= Beginning of Section =

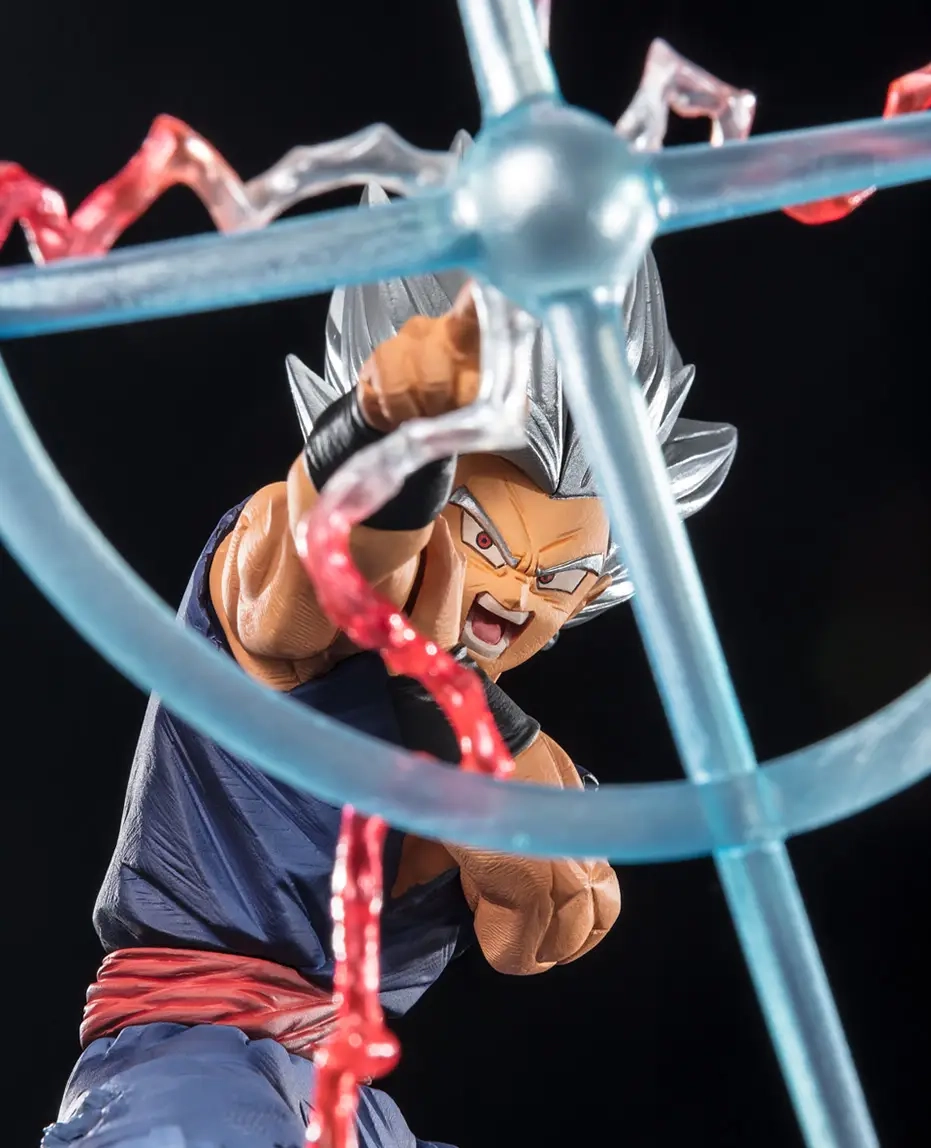 Figuarts Zero Extra Battle Dragon Ball Super Son Gohan Beast Makankosappo - Image 5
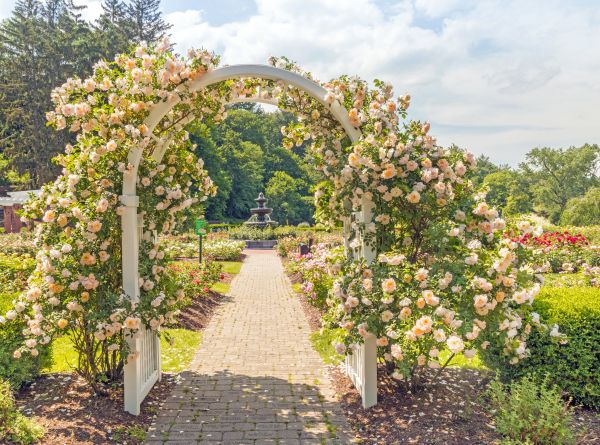 Archway Installation Service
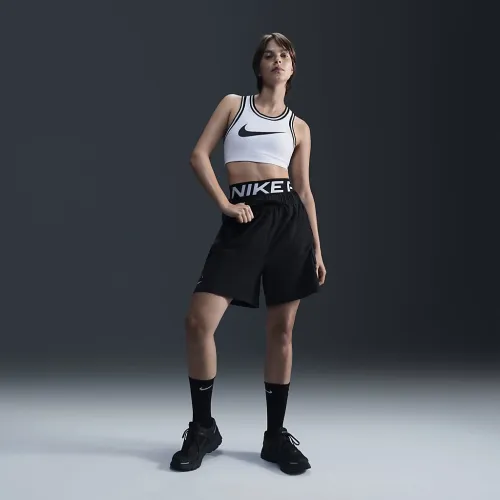 Nike Sabrina баскетбольные шорты цвет черный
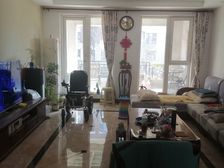 章丘 重汽莱蒙湖 3室2厅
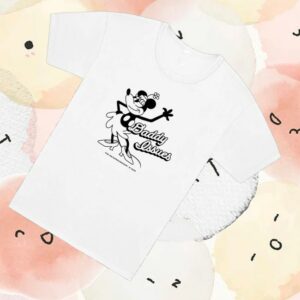 kenny The Neighbourhood Store Merch Minnie Issues Shirts kenny The Neighbourhood Store Merch Minnie Issues Shirts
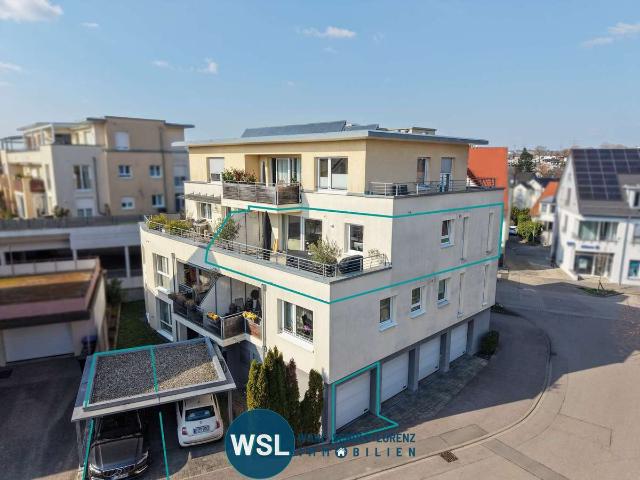 Wohnung kaufen in Wendlingen am Neckar, Landkreis Esslingen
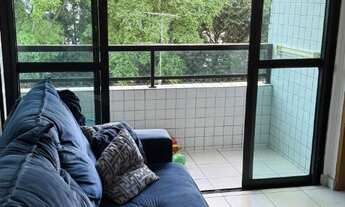 Imagem 4: Apartamento no bairro Monteiro com 80m!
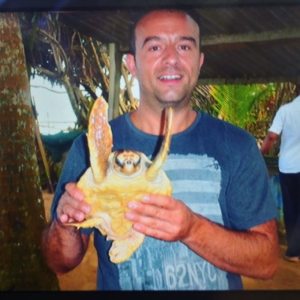 Profilbild von Marco Dietzel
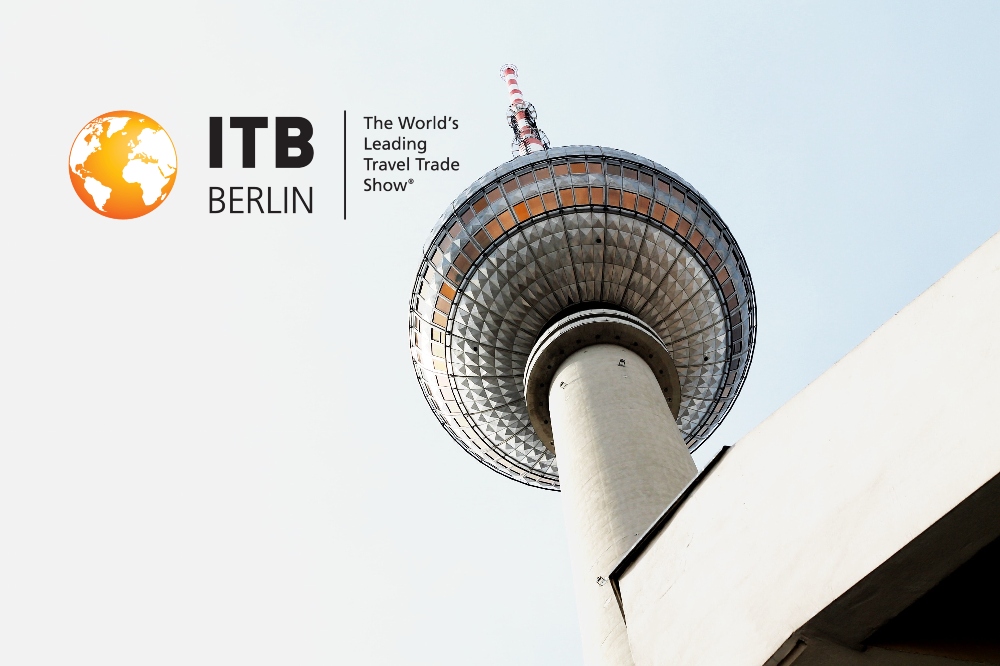 ITB Berlin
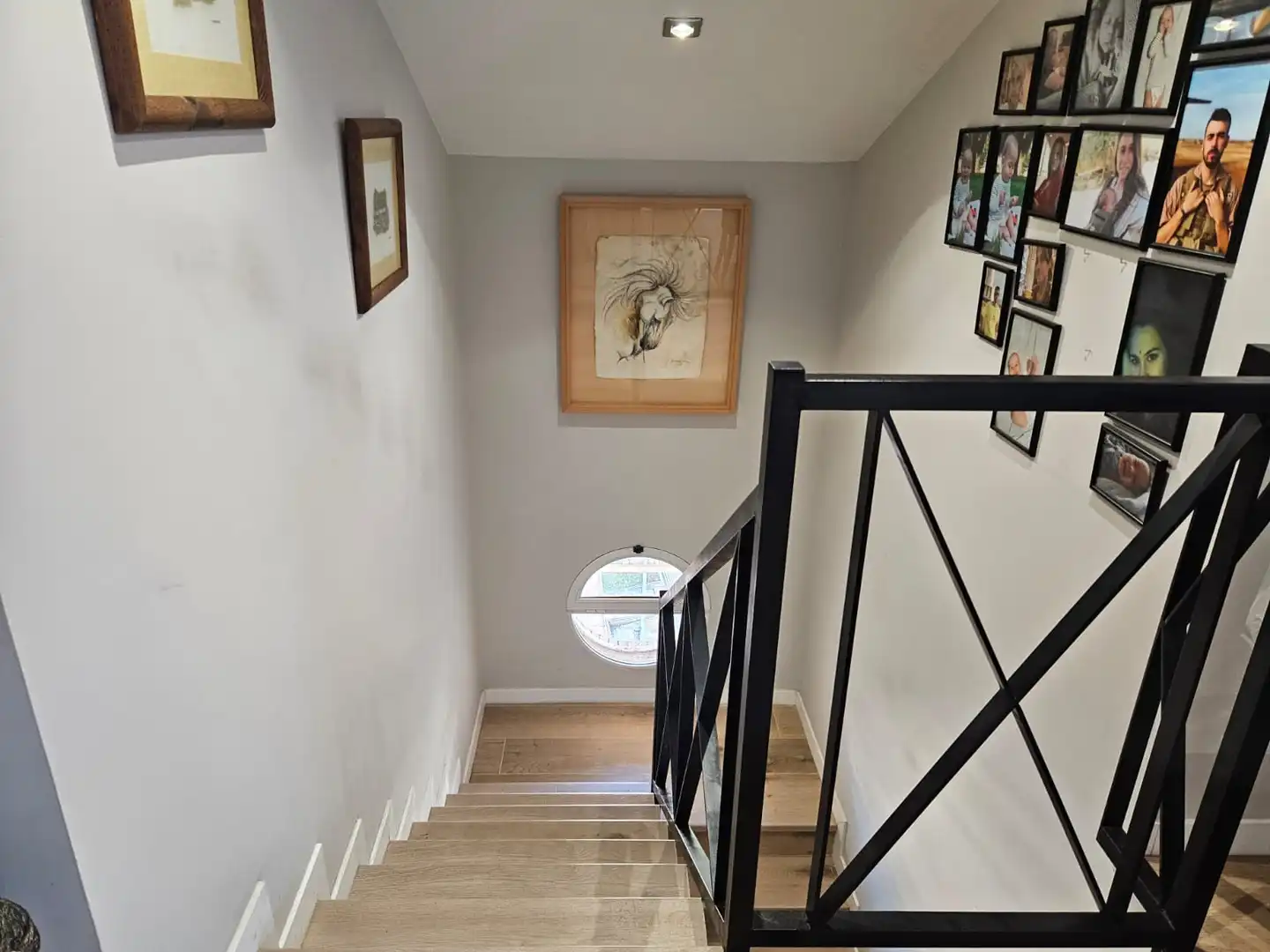 Ático con ascensor en venta en Oeste, imagen 16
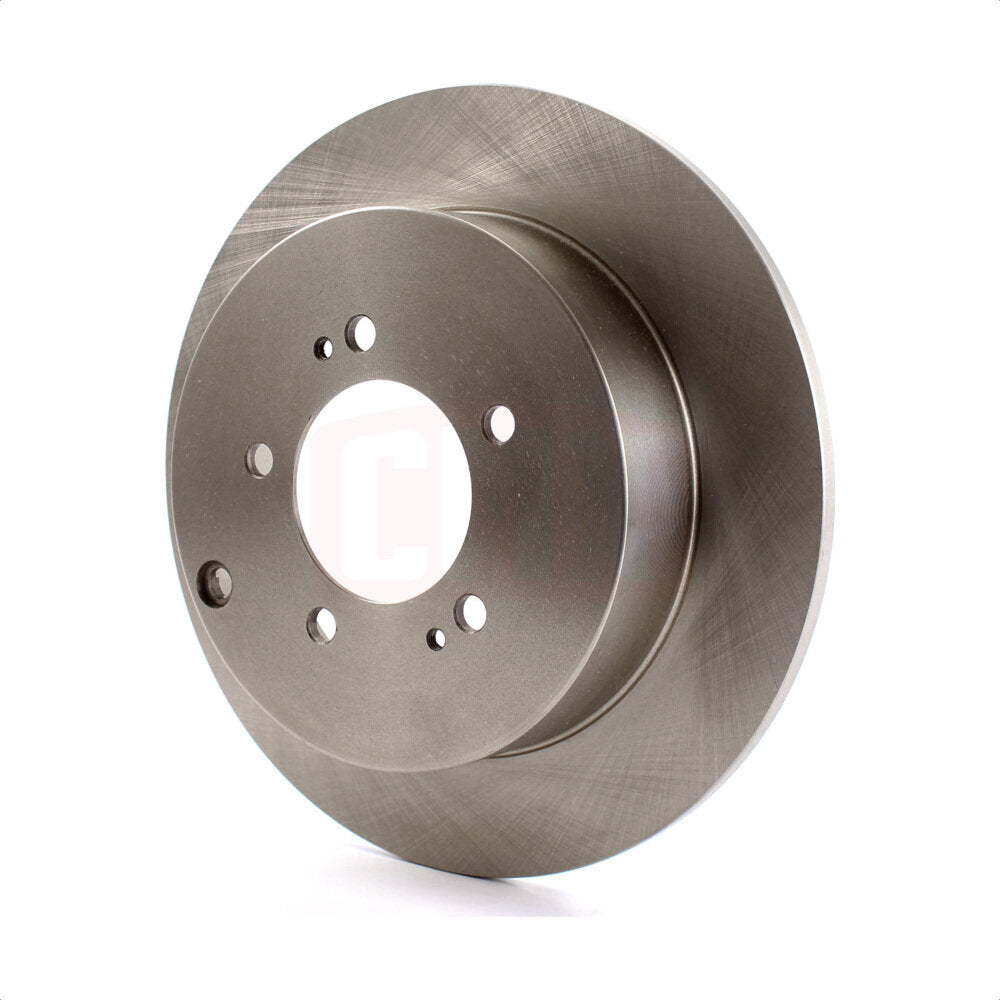 Rotor de frein à disque arrière (1 pièce seulement) pour Mitsubishi Lancer Outlander 8-980594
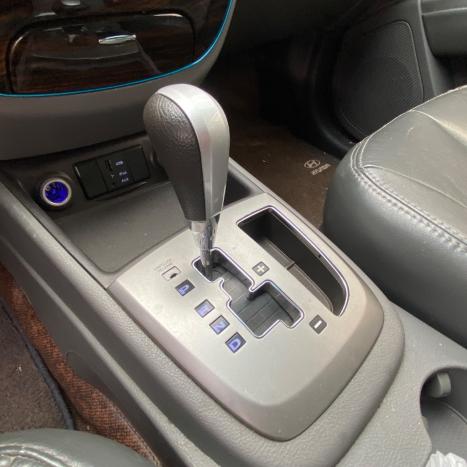 HYUNDAI Santa F� 3.5 V6 24V 4P GLS 285CV 4WD AUTOM�TICO, Foto 10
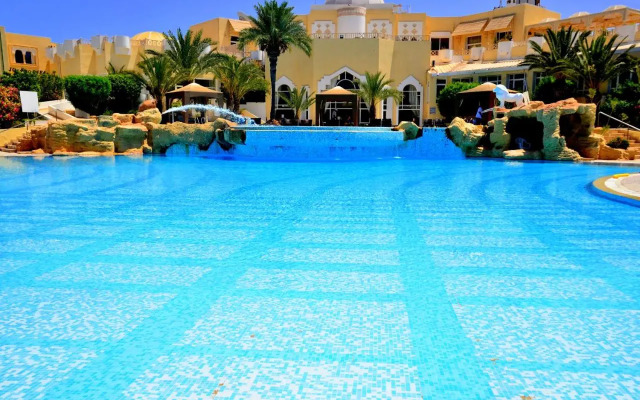 Joya Paradise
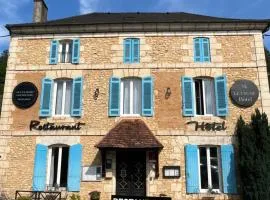 Logis Hôtel Le Cygne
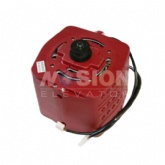 Lift motor 59313512 electric elevator motor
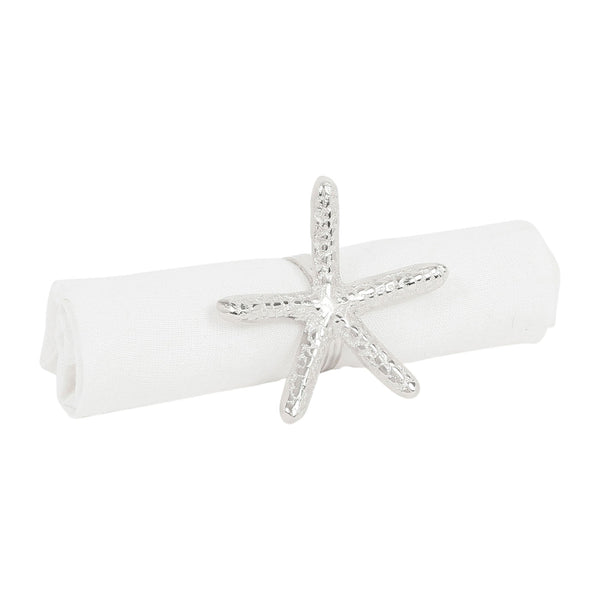 Star Fish Napkin Ring - Distinctly Living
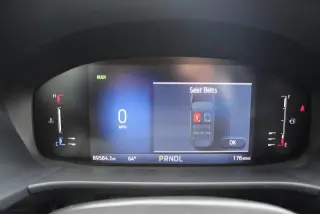Ford Escape Hybrid 2023 AWD ST-Line Select SUV de 4 puertas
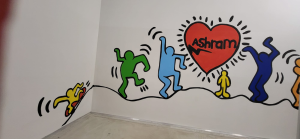 Kunst in de school 1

= End of Section =

» **What to do**
Exactly as written, give again every line from the one containing "Rotor de frein" through the last line of the material, both included, with the pictures left out.

» **Reply to the exercise**
 Rotor de frein à disque arrière (1 pièce seulement) pour Mitsubishi Lancer Outlander 8-980594
 HYUNDAI Santa F� 3.5 V6 24V 4P GLS 285CV 4WD AUTOM�TICO, Foto 10
 Joya Paradise
 Logis Hôtel Le Cygne
 Lift motor 59313512 electric elevator motor
 Star Fish Napkin Ring - Distinctly Living
Ford Escape Hybrid 2023 AWD ST-Line Select SUV de 4 puertas
 Kunst in de school 1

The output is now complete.